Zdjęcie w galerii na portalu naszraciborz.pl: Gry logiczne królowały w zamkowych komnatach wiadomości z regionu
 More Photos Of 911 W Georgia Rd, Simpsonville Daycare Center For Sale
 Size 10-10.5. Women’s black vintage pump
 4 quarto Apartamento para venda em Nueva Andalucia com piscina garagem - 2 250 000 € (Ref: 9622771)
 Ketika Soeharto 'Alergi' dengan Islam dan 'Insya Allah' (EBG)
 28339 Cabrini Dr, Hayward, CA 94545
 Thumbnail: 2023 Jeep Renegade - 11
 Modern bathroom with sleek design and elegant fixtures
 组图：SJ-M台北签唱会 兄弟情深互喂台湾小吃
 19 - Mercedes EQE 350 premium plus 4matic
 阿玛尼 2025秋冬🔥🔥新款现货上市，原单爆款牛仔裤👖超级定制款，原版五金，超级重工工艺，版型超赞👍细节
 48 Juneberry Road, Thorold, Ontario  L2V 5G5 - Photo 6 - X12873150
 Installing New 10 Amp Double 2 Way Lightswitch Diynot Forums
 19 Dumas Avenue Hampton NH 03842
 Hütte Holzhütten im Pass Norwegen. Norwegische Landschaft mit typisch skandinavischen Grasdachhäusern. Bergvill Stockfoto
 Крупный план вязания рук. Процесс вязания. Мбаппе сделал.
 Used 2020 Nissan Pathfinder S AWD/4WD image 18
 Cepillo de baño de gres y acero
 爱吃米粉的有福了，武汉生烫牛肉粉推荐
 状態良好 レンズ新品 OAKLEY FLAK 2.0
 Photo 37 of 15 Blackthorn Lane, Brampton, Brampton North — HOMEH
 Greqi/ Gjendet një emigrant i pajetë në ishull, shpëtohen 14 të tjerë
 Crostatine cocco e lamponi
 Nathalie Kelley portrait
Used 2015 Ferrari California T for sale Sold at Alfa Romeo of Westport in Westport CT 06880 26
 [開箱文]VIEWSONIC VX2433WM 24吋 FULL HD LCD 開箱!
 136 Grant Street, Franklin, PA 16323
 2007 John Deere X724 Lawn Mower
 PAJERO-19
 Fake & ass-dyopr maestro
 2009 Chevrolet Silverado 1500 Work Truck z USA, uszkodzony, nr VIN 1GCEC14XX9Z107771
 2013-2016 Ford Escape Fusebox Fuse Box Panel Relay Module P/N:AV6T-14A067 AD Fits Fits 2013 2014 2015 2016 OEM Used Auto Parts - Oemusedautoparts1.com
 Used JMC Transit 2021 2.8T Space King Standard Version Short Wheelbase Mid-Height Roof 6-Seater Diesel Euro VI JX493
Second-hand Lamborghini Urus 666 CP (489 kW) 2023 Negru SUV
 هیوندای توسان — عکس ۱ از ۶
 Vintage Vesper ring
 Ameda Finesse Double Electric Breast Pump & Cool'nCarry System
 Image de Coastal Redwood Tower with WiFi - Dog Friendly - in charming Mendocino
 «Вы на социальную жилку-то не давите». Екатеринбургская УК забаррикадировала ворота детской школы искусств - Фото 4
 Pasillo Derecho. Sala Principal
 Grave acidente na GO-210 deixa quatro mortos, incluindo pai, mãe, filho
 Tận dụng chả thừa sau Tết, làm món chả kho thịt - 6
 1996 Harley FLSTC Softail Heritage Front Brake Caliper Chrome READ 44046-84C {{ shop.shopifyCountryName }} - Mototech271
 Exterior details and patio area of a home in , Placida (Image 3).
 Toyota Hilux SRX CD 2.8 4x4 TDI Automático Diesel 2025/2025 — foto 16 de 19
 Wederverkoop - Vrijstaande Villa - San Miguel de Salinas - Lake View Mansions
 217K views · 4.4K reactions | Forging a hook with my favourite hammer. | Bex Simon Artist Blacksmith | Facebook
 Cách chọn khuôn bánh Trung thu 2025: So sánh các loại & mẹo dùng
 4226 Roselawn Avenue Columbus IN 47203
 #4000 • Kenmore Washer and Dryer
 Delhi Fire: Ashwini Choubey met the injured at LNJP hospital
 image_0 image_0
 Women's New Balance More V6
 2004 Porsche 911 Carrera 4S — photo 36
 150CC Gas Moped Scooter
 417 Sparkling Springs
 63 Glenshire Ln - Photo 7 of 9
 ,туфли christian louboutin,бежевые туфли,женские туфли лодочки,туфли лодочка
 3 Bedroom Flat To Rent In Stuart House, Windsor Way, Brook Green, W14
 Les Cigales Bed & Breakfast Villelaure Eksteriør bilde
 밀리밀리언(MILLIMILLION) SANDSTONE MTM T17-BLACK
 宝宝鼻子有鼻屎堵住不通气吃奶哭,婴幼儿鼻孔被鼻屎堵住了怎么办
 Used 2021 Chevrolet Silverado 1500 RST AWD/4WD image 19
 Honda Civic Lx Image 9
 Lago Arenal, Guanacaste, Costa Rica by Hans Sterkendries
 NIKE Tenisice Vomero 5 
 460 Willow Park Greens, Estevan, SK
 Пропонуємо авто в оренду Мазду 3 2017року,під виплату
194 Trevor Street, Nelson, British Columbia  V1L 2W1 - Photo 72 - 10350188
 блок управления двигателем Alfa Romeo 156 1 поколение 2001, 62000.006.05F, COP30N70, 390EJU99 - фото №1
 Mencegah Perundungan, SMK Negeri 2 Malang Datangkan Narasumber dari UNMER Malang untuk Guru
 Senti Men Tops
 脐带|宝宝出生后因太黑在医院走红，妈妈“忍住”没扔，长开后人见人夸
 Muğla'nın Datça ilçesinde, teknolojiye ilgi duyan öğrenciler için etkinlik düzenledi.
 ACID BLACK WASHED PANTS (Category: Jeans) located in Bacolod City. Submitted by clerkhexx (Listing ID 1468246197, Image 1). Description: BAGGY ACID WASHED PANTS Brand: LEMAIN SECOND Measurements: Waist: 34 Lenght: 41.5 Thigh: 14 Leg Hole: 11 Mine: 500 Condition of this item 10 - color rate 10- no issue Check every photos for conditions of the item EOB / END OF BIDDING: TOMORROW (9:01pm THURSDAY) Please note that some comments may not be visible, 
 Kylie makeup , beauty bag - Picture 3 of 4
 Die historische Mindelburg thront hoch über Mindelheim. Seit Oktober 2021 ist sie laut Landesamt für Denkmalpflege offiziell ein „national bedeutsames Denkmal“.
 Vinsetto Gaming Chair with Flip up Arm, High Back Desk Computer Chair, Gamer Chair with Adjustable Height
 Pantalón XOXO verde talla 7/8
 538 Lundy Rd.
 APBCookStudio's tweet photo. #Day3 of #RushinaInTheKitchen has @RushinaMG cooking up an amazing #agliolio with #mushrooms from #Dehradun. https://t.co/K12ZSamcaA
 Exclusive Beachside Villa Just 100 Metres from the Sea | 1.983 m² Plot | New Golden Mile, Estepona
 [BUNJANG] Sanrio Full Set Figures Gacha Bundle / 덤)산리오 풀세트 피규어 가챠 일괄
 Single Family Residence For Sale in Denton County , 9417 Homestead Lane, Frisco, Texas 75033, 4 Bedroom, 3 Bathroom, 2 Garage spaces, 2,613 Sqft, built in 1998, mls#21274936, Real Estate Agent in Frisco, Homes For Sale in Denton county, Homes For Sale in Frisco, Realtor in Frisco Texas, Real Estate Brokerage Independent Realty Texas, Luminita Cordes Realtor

● ● ● ●

Directions: Please give back exactly the lines of the listing above that run from the one containing "417 Sparkling Springs" through the one containing "Muğla'nın Datça ilçesinde, teknolojiye", and only those.

Written answer:
 417 Sparkling Springs
 63 Glenshire Ln - Photo 7 of 9
 ,туфли christian louboutin,бежевые туфли,женские туфли лодочки,туфли лодочка
 3 Bedroom Flat To Rent In Stuart House, Windsor Way, Brook Green, W14
 Les Cigales Bed & Breakfast Villelaure Eksteriør bilde
 밀리밀리언(MILLIMILLION) SANDSTONE MTM T17-BLACK
 宝宝鼻子有鼻屎堵住不通气吃奶哭,婴幼儿鼻孔被鼻屎堵住了怎么办
 Used 2021 Chevrolet Silverado 1500 RST AWD/4WD image 19
 Honda Civic Lx Image 9
 Lago Arenal, Guanacaste, Costa Rica by Hans Sterkendries
 NIKE Tenisice Vomero 5 
 460 Willow Park Greens, Estevan, SK
 Пропонуємо авто в оренду Мазду 3 2017року,під виплату
194 Trevor Street, Nelson, British Columbia  V1L 2W1 - Photo 72 - 10350188
 блок управления двигателем Alfa Romeo 156 1 поколение 2001, 62000.006.05F, COP30N70, 390EJU99 - фото №1
 Mencegah Perundungan, SMK Negeri 2 Malang Datangkan Narasumber dari UNMER Malang untuk Guru
 Senti Men Tops
 脐带|宝宝出生后因太黑在医院走红，妈妈“忍住”没扔，长开后人见人夸
 Muğla'nın Datça ilçesinde, teknolojiye ilgi duyan öğrenciler için etkinlik düzenledi.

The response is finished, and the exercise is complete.